To address this issue, researchers at University of Central Florida, College of Optics and Photonics (UCF CREOL) and UCLA developed modulators that compare the amount and the timing of data moving through the system to ensure accurate, efficient transmission.
A 3D schematic of the new device, known as a four-phase electro-optic modulator, is shown. Courtesy of UCF/CREOL.
A 3D schematic of the four-phase electro-optic modulator developed by researchers at UCF CREOL and UCLA. The modulator compares the amount and timing of data to ensure accurate efficient transmission. Courtesy of UCF/CREOL.

The new class of modulators allows phase diversity (varied timing of signals) and differential operations (comparison of light signals) to be implemented concurrently on a single photonic integrated circuit (PIC). The modulator’s capacity for phase diversity compensates for a degradation in signal quality. The modulator’s capacity for differential operations enables it to overcome intensity noise and other common mode fluctuations and cancel the noise in optical communication links.

The researchers fabricated the new modulator, which they call a four-phase electro-optic modulator, in thin-film lithium niobate (TFLN) in a small footprint. The circuit comprises two nested interferometric structures (Mach-Zehnder modulators).

“Dubbed four-phase electro-optic modulators, the circuit is demonstrated on thin-film lithium niobate, which is an ultracompact platform for integrated photonic applications, including optical communication,” said Sasan Fathpour, a professor of optics and photonics at CREOL.

According to Fathpour, off-the-shelf optical components and existing modulator architectures are not capable of achieving phase diversity and differential operations simultaneously.

“The compactness of the thin-film lithium niobate platform allows tight integration of several components on the same small chip and helped [in] shaping up the concept of four-phase electro-optic modulators,” he said.

The four-phase electro-optic modulator is augmented by two dispersive optical fiber elements and fiber-optic delay lines for time-stretching and synchronization, respectively.
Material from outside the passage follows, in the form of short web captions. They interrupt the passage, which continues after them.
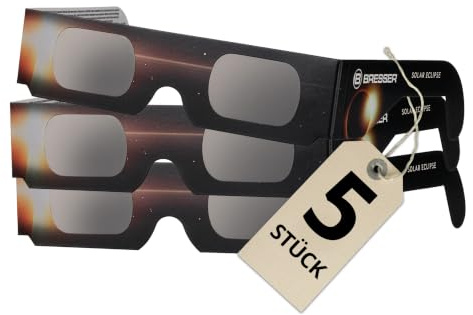 Bresser Gafas Eclipse Solar homologadas CE ISO 12312-2 pack 5 Diseño B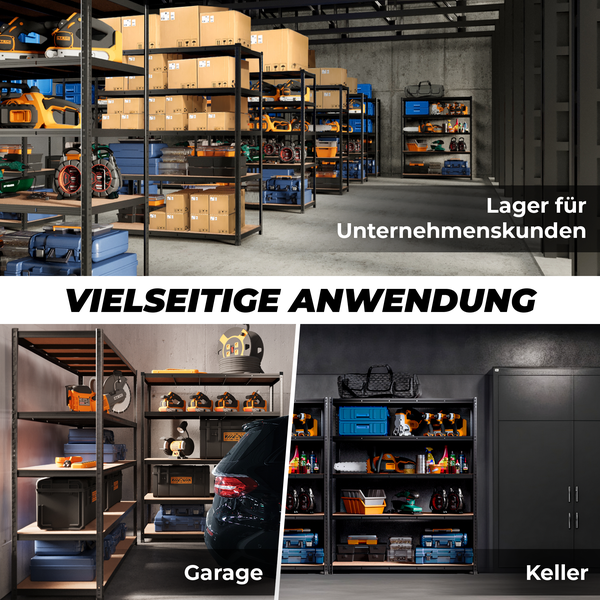 ALL Premium Schwerlastregal 180x150x40cm Schwarz – Bis 1250 kg belastbar, höhenverstellbar, Stecksystem, ideal für Lager, Garage & Keller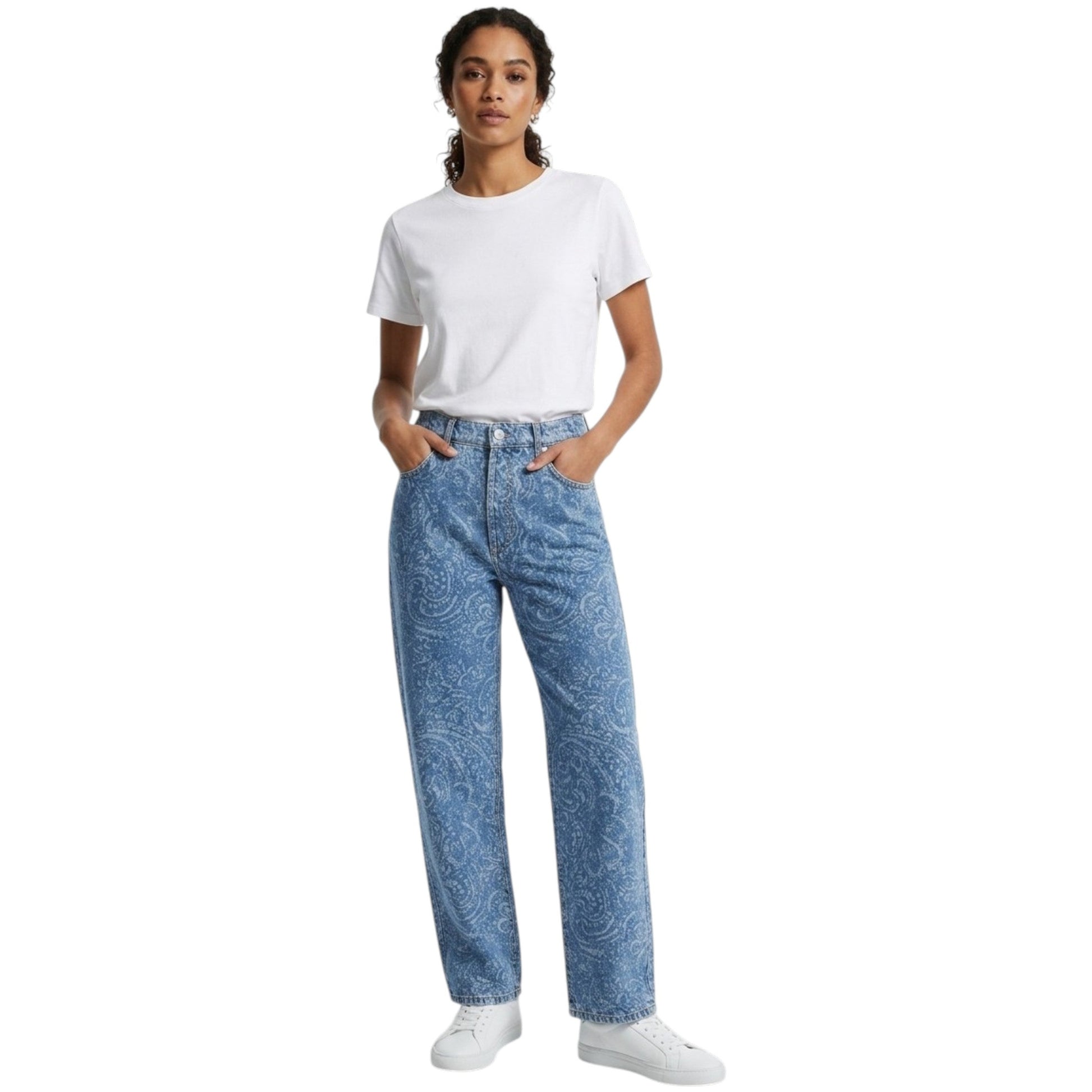 Women's Printed Jeans ,Blue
Time-stretch technology is an optical, slow-motion technique invented at UCLA in the 1990s to capture ultrafast, single-shot events. It has led to breakthroughs, such as the creation of the world’s fastest spectrometers, cameras, lidars, velocimeters, oscilloscopes, and more, UCLA professor Bahram Jalali said.
UCF CREOL researchers Ehsan Ordouie and professor Sasan Fathpour have developed new technology to improve optical communication. Courtesy of UC/CREOL.
UCF CREOL researchers Ehsan Ordouie and professor Sasan Fathpour have developed new technology to improve optical communication. Courtesy of UCF/CREOL.

“This new electro-optic modulator architecture culminated from the quest to create improved methods for encoding ultrafast data onto a laser beam to enable time-stretch instruments with high bandwidth and high sensitivity,” Jalali said.
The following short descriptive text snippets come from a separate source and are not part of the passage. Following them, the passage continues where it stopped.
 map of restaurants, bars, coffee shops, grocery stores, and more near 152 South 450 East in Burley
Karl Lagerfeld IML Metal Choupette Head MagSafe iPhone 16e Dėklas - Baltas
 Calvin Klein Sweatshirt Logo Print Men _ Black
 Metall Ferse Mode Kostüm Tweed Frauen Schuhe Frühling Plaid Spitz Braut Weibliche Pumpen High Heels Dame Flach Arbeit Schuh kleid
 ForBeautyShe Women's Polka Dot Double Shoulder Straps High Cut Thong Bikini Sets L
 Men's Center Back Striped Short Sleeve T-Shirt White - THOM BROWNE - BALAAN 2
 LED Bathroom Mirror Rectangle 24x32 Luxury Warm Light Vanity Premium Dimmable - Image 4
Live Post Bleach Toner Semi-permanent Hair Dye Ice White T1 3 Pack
The researchers analyzed the four-phase electro-optic modulator within the context of a time-stretch system used to analyze signal processing. They developed a comprehensive analytical model of the modulator and optimized the electro-optic bandwidth and efficiency of the modulator using simulation tools to fine-tune the technology.

The team demonstrated applications of the modulator in time-stretch data acquisition and in optical communication. Experimental results showed that the modulator could eliminate common mode noise and dispersion. In simulations, the researchers demonstrated that the modulator could improve signal quality and the power budget in optical communication systems.

“Our experiments demonstrate that this approach eliminates the inherent nulls in the frequency response, which is a significant advancement for photonic time-stretch systems and coherent optical communication systems,” researcher Ehsan Ordouie said.

The new modulator’s ability to mitigate noise and limitations in bandwidth in optical communications makes it worth the price of a more complicated architecture, according to the team.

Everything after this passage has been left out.